TASK DETAILS: Would you please transcribe, exactly as written, the lines of the entries below starting at the one that holds "Renault Captur 1.2 Energy TCe Limited - 6" and ending at the one that holds "HP、フラットガラスパネルを採用した27型液晶 - 価格.com", both included?

PROVIDED RECORDS:
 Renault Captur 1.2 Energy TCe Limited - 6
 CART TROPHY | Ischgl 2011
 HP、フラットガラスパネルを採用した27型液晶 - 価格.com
--
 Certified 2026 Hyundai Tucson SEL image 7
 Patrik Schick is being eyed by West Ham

REPLY TO THE TASK:
 Renault Captur 1.2 Energy TCe Limited - 6
 CART TROPHY | Ischgl 2011
 HP、フラットガラスパネルを採用した27型液晶 - 価格.com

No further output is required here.